Create models with parsnip :: Cheatsheet

Basics

parsnip provides a tidy, unified interface to a range of models from other packages. It helps avoid having to remember how to properly call the modeling functions of those external packages.

A parsnip specification is made up of 3 main components:

  1. The type of model to be used, such as Random Forest (rand_forest()) or linear regression (linear_reg())

  2. How will the model be used, or mode. The two most common are “regression” and “classification”.

  3. The computational engine, or program that will actually execute the training. It could be an external R package, such as ranger, or even an engine outside of R, such as Stan or Apache Spark.

library(tidymodels)

rand_forest(mtry = 10, trees = 2000) |> # Define type of model
  set_engine("ranger", importance = "impurity") |> # Select an engine
  set_mode("regression") # Set the mode
Random Forest Model Specification (regression)

Main Arguments:
  mtry = 10
  trees = 2000

Engine-Specific Arguments:
  importance = impurity

Computational engine: ranger 

set_engine(object, engine, ...) - Specifies which package or system will be used to fit the model, along with any arguments specific to that software.

set_args(object, ...) - Modifies the arguments of a model specification

set_mode(object, mode, …) - Changes the model’s mode.

show_engines(x) - The possible engines for a model can depend on what packages are loaded. Some parsnip extension add engines to existing models.

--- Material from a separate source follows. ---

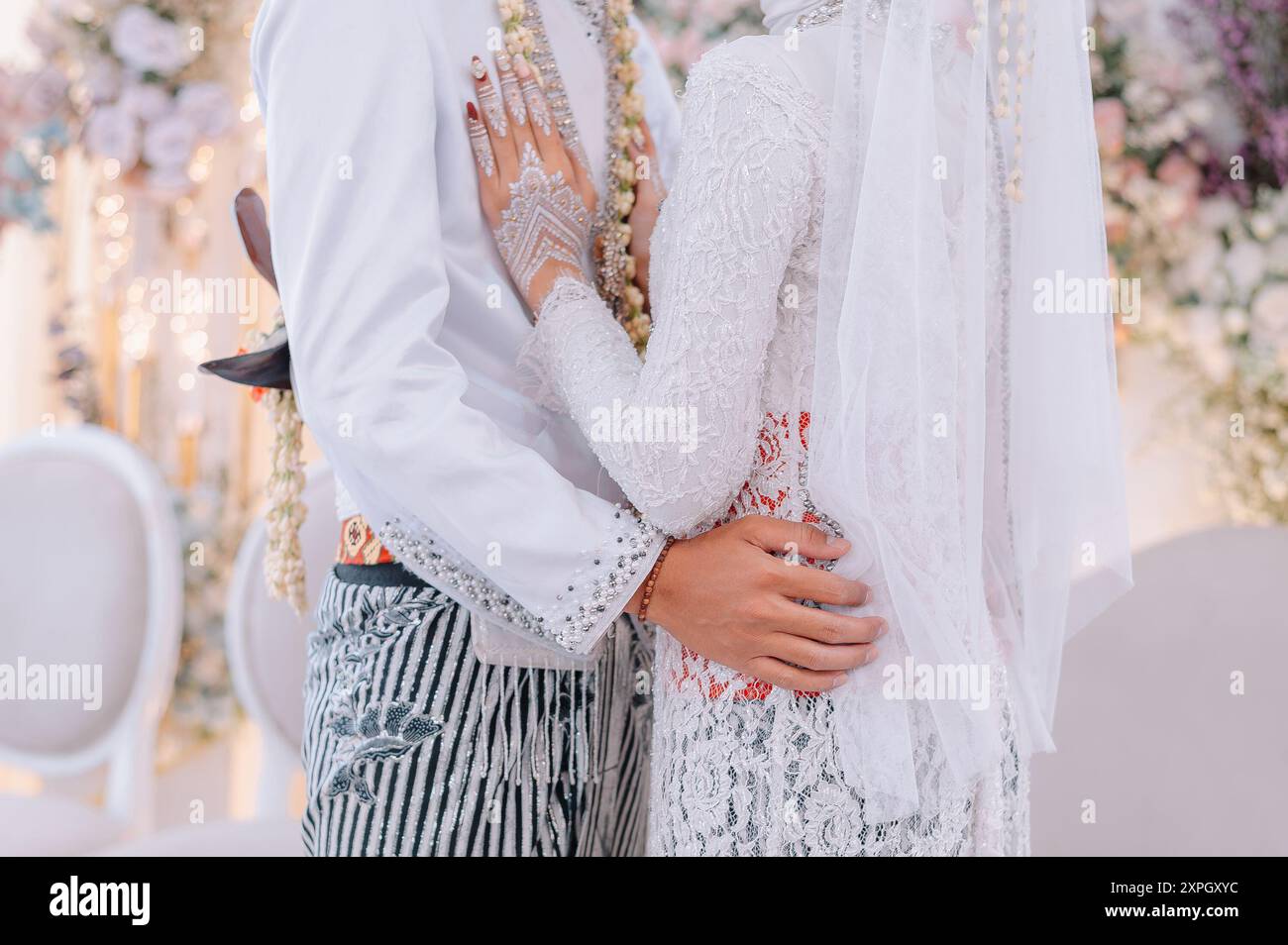 The bride and groom dressed in beautiful pure white traditional Javanese kebaya are posing in a romantic embrace Stock Photo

show_engines("linear_reg")
# A tibble: 8 × 2
  engine   mode               
  <chr>    <chr>              
1 lm       regression         
2 glm      regression         
3 glmnet   regression         
4 stan     regression         
5 spark    regression         
6 keras    regression         
7 brulee   regression         
8 quantreg quantile regression

Legends

Mode Support Numbers

  • 1 - Classification
  • 2 - Regression
  • 3 - Censored Regression
  • 4 - Quantile Regression

Engine Tags

Engine tags show the engine name and mode support numbers. For example, h2o 12 means engine h2o supports classification (1), and regression (2).

Classification Only

  • logistic_reg(mode = "classification", engine = "glm", penalty, mixture) - Generalized linear model for binary outcomes. A linear combination of the predictors is used to model the log odds of an event.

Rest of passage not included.